**Problem requirements**
Could every line below be transcribed exactly, with the pictures dropped?

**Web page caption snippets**
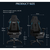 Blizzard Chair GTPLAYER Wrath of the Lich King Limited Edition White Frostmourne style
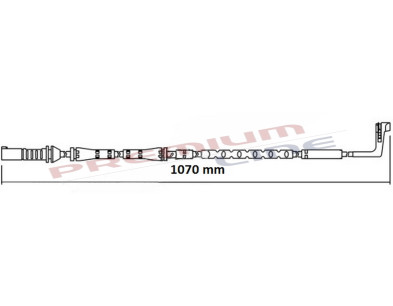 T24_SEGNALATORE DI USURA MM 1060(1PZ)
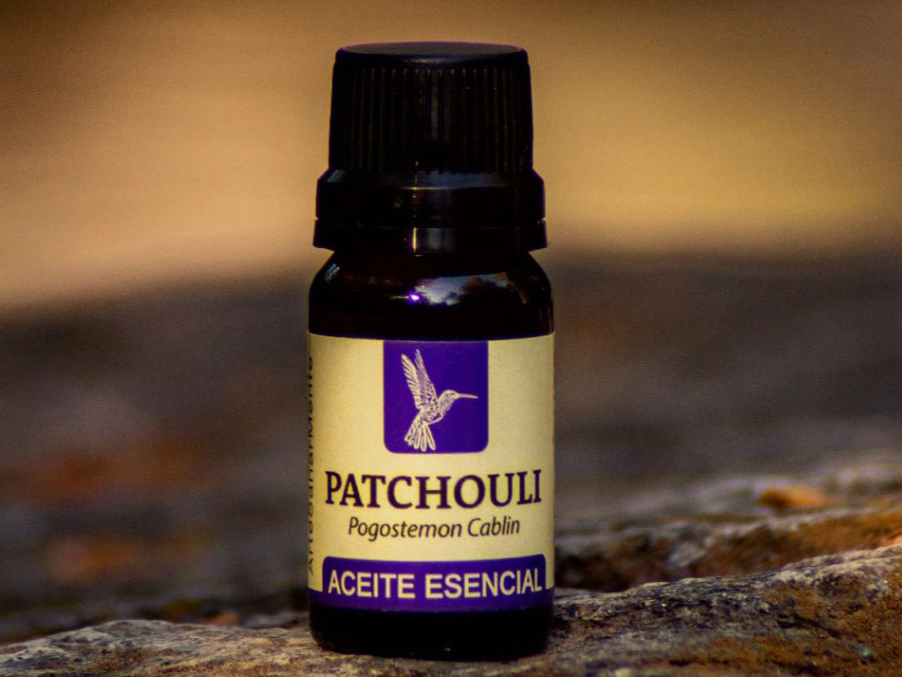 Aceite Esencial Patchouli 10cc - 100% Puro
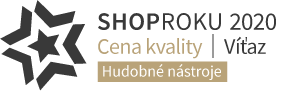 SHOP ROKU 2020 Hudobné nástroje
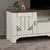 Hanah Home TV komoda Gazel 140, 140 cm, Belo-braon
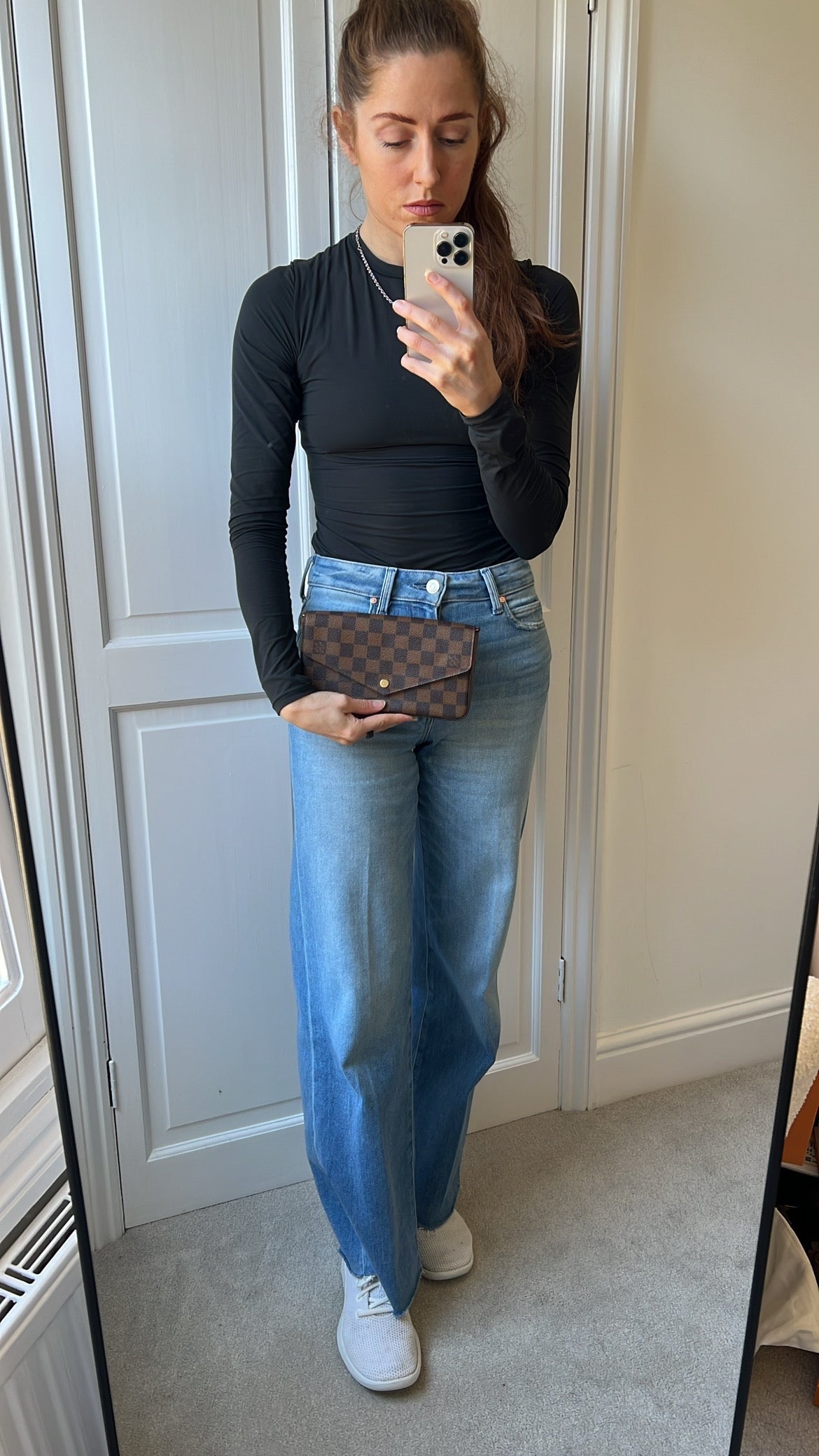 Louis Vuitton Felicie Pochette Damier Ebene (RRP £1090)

**The completed task**
 Blizzard Chair GTPLAYER Wrath of the Lich King Limited Edition White Frostmourne style
 T24_SEGNALATORE DI USURA MM 1060(1PZ)
 Aceite Esencial Patchouli 10cc - 100% Puro
 SHOP ROKU 2020 Hudobné nástroje
 Hanah Home TV komoda Gazel 140, 140 cm, Belo-braon
 Louis Vuitton Felicie Pochette Damier Ebene (RRP £1090)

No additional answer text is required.